David O’Doherty – Let’s Comedy
David O’Doherty @ Nova Cinema 2
11:30pm, Fri 20 Mar 2009
David O’Doherty was someone I’ve been meaning to see ever since I did some comedy “research” in the form of consumption of the Edinburgh and Beyond series. “Nice style,” I thought, “well worth a look.”
Unfortunately, poor planning meant that the only time I could squeeze his show in was this late show. On a Clipsal Friday Night.
Now – I really didn’t want to head over that side of town any night that the Clipsal 500 was on; but that desire was ever-so-slightly overwhelmed by the need to check O’Doherty out. And, wandering down Rundle Street past people passed out on footpaths, vomiting in gutters, and yelling incoherently in my ear as I walked past, I wasn’t really sure I’d made the right decision.
However, I made it safely into the Nova. Found a nice safe seat in amongst the three-quarters-full crowd. Then, to much yelling and applause, O’Doherty came on.
And I’d love to wax lyrical about his comedy, but I can’t, really… because this performance was dominated by the audience. In fact, O’Doherty probably only held centre-stage for half the gig. Yes, after a wonderful self-introduction from behind the curtain, there was some gentle humour, only really veering into the crude when discussing dolphin ejaculation facts; but the rest of his time was spent dealing with drunken audience shenanigans.

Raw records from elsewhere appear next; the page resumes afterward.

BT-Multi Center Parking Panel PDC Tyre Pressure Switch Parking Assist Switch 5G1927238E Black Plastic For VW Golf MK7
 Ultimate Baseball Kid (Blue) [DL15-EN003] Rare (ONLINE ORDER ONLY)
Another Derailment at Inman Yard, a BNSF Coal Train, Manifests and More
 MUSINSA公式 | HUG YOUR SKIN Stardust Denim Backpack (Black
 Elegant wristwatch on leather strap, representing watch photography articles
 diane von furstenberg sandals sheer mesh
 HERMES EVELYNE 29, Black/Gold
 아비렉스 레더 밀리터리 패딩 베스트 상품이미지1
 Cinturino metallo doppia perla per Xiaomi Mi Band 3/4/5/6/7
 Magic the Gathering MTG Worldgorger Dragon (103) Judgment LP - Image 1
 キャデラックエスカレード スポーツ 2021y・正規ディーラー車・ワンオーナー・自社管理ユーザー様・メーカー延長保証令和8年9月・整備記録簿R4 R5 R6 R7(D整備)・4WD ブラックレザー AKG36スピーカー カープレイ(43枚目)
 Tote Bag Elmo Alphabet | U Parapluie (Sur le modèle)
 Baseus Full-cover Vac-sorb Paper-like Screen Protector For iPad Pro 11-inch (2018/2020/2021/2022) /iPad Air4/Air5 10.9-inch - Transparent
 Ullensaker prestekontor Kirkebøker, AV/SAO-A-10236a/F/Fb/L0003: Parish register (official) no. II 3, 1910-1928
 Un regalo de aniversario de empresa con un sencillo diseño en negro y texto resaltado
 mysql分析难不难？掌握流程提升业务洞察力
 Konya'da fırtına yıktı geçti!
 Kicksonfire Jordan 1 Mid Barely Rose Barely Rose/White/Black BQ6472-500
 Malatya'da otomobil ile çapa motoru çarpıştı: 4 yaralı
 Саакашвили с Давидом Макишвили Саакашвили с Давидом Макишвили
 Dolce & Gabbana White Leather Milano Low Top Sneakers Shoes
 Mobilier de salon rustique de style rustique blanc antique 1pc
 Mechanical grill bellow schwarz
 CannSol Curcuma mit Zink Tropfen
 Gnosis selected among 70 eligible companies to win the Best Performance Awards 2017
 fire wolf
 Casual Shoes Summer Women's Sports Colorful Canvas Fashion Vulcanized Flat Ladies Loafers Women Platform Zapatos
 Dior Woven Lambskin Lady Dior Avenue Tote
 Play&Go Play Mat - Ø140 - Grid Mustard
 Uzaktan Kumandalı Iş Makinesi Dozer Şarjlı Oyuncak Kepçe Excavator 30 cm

Every minute or two, someone was ducking out for a piss; O’Doherty made the mistake of asking the first such fleeting deserter what he was doing, and thereafter every bloke on a piss break would announce their intention. His first audience mark, nicknamed The Governor (in lieu of comprehending whatever was slurred in response to an identity query), presented O’Doherty with a Planning Institute of Australia conference satchel upon his urinary return; upping the ante, one team brought a nappy-change table that they’d nicked from the toilets. The stage rapidly became littered with crap, the crowd became more and more convinced they were part of the show, the Dublin Guy thought he was funnier than the guy on stage, and… well, it was a shamozzle.
Only when O’Doherty announced that he was going to play a song did he wrest a semblance of control back from the audience; they started yelling names of his (apparently quite popular and well-known to everybody but me) jingles out, with the Text Message Song getting an outing. Which is funny and all, but…
Ah fuck it. I know this show wasn’t the best way to determine a comedian’s worth – he was basically on a hiding-to-nothing this evening. And I suppose O’Doherty was worth a chuckle or two. And I guess he handled the audience pretty well (all things considered). But I don’t think I’ll be putting him high on my must-see list again anytime soon.